Spot power prices in the country are unlikely to surge in the next two months and hover around Rs 4 per unit in view of availability renewables, mainly wind energy, experts say.
There were fears that the persistent shortage of coal at thermal power plants in the country may jack up spot power prices in the near term with the onset of summer.
“The spot power prices in the country would be around Rs 4 per unit in the next two month due to availability of wind energy due to progression of monsoon,” a market expert told PTI.
The average spot power price at the Indian Energy Exchange was Rs 4.01 per unit till April 27, 2018. It was Rs 4.01 in March as well, but was higher than Rs 3.22 in February this year.
The average price was around Rs 2.5 per unit in February and March 2017. But it was slightly up at Rs 2.7 in April last year.
“Last year the peak power demand was around 159 GW, which at maximum level, can increase up to 165 GW this year in May and June. But that could be compensated over 34 GW installed wind power capacity,” the expert added.
Wind energy generation achieves optimum levels in May and June due to the weather system. Besides, there would be optimum solar energy generation in May and June, he said.
Solar energy capacity has already crossed the 22 GW mark.

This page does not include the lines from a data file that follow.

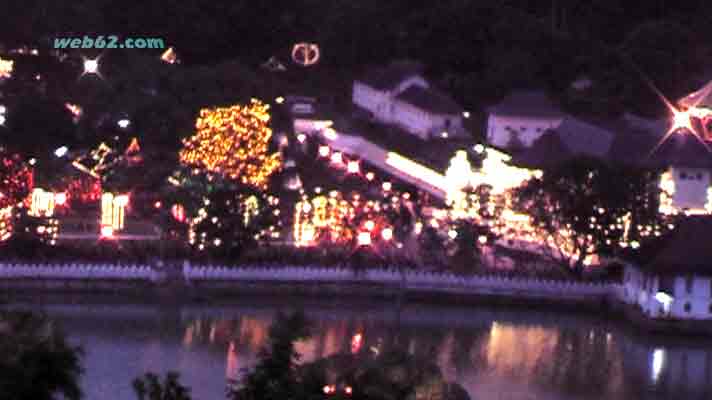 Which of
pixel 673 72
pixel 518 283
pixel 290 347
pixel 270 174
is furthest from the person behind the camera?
pixel 673 72

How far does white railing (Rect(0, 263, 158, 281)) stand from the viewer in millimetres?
28312

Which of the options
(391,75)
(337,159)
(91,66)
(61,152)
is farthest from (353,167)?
(91,66)

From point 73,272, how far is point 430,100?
12576 millimetres

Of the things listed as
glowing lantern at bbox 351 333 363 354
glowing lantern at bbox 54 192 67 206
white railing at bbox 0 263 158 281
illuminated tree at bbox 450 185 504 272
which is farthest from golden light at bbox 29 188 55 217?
glowing lantern at bbox 351 333 363 354

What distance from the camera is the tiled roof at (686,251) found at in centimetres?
2783

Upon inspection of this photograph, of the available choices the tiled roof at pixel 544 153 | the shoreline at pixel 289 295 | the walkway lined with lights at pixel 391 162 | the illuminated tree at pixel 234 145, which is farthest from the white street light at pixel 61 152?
the tiled roof at pixel 544 153

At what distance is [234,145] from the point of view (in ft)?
107

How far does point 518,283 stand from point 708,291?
2.26m

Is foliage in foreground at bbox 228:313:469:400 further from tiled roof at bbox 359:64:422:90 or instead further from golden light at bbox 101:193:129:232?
tiled roof at bbox 359:64:422:90

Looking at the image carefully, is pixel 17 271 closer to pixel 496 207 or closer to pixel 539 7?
pixel 496 207

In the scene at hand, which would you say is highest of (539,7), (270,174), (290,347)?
(539,7)

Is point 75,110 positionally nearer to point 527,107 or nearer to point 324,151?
point 324,151

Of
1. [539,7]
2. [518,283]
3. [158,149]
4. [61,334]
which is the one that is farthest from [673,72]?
[61,334]

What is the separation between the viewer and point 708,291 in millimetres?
27953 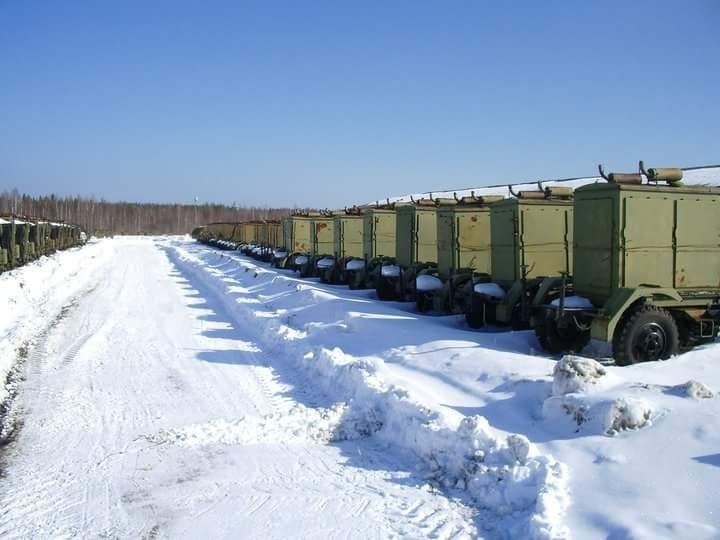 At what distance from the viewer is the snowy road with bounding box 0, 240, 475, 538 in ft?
16.7

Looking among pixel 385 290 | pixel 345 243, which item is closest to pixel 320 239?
pixel 345 243

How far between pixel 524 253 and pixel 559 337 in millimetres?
2256

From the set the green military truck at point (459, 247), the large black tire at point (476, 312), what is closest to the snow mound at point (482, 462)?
the large black tire at point (476, 312)

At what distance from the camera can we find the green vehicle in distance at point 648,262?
372 inches

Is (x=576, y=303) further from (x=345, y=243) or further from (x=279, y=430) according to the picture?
(x=345, y=243)

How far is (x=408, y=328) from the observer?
12219 millimetres

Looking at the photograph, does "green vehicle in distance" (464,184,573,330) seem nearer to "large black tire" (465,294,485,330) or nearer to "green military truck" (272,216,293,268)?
"large black tire" (465,294,485,330)

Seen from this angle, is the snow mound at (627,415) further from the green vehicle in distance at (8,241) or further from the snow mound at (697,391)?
the green vehicle in distance at (8,241)

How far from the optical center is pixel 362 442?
23.0ft

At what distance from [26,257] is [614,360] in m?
28.2

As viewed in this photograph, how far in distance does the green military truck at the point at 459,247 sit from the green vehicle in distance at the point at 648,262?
13.9 ft

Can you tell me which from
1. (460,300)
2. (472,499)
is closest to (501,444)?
(472,499)

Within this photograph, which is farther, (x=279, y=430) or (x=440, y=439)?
(x=279, y=430)

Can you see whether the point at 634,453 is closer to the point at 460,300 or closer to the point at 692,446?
the point at 692,446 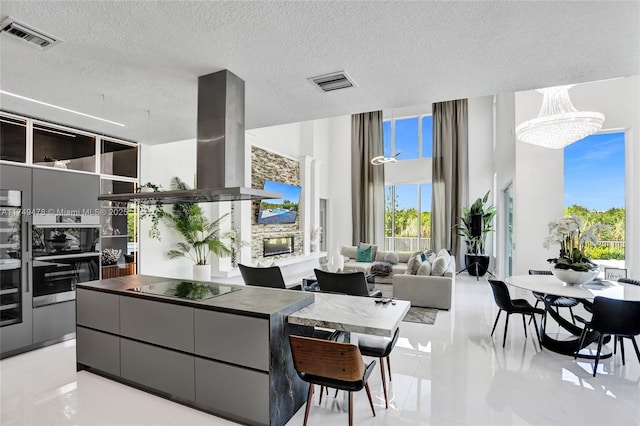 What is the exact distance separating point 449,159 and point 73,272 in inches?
362

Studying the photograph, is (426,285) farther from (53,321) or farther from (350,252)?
(53,321)

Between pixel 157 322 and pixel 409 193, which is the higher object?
pixel 409 193

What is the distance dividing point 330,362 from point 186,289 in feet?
5.38

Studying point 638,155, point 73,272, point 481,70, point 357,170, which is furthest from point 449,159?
point 73,272

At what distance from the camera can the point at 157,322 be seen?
2646 mm

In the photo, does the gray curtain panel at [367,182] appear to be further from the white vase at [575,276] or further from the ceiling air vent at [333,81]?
the ceiling air vent at [333,81]

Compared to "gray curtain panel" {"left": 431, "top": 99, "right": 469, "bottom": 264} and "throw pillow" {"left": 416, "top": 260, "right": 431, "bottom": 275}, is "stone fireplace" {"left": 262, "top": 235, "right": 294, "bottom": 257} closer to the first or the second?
"throw pillow" {"left": 416, "top": 260, "right": 431, "bottom": 275}

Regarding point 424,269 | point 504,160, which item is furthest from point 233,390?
point 504,160

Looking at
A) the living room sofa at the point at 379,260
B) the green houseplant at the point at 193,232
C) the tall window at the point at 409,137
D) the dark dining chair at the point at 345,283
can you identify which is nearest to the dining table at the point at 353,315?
the dark dining chair at the point at 345,283

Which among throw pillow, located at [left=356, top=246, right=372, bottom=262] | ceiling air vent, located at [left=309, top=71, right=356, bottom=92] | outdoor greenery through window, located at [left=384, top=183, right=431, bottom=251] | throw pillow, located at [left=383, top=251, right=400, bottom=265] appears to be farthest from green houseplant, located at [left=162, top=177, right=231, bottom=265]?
outdoor greenery through window, located at [left=384, top=183, right=431, bottom=251]

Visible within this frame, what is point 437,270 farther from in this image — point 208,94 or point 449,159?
point 449,159

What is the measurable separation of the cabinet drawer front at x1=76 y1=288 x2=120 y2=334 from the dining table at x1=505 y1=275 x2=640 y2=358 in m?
4.05

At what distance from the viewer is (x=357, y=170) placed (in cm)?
1075

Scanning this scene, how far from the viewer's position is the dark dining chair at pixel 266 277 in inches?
162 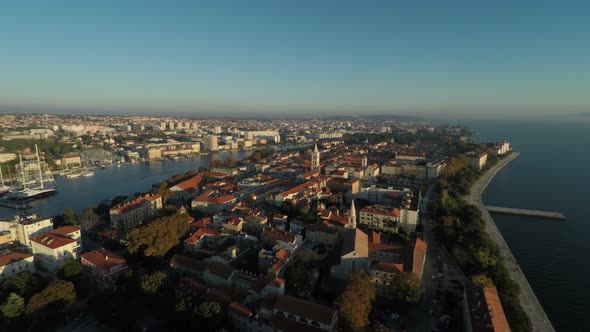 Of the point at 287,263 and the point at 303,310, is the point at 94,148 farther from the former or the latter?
the point at 303,310

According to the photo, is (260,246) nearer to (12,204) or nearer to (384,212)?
(384,212)

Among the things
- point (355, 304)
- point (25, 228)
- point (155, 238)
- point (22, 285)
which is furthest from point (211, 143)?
point (355, 304)

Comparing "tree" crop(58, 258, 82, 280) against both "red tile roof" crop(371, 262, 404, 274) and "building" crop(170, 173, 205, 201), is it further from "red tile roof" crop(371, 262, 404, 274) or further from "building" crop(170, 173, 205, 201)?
"building" crop(170, 173, 205, 201)

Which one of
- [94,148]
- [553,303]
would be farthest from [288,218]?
[94,148]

That would also also generate around 5GW at 20 per cent efficiency.
However, according to experts, the fear of surge in spot power price would continue to haunt consumers because coal supply situation may be affected further during the rainy season from July onwards when mining of the dry fuel is affected.
According to Central Electricity Authority (CEA) data, as many as 27 thermal power plants out of the monitored 114 are facing coal shortage.
The CEA data for April 25, 2018 shows that 17 non-pit head power plants have super critical coal stocks which would not last more than 4 days.
Besides, there are 10 such plants which have critical coal stocks which would not last for more than 7 days.
Coal shortage at thermal power plant has been affecting thermal power generation in the country.
According to Power Ministry data, the average plant load factor (PFL) or capacity utilisation at thermal power plants of independent power producers was 55.32 per cent in 2017-18, lower than 55.73 in 2016-17 and 60.49 per cent in 2015-16.
However, the PLF of state power generation utilties improved slightly to 56.83 per cent last fiscal from 54.35 in 2016-17 and 55.41 in 2015-16.
During 2017-18, the peak power deficit was 2 per cent after meeting 160 GW requirement against demand of 164 GW.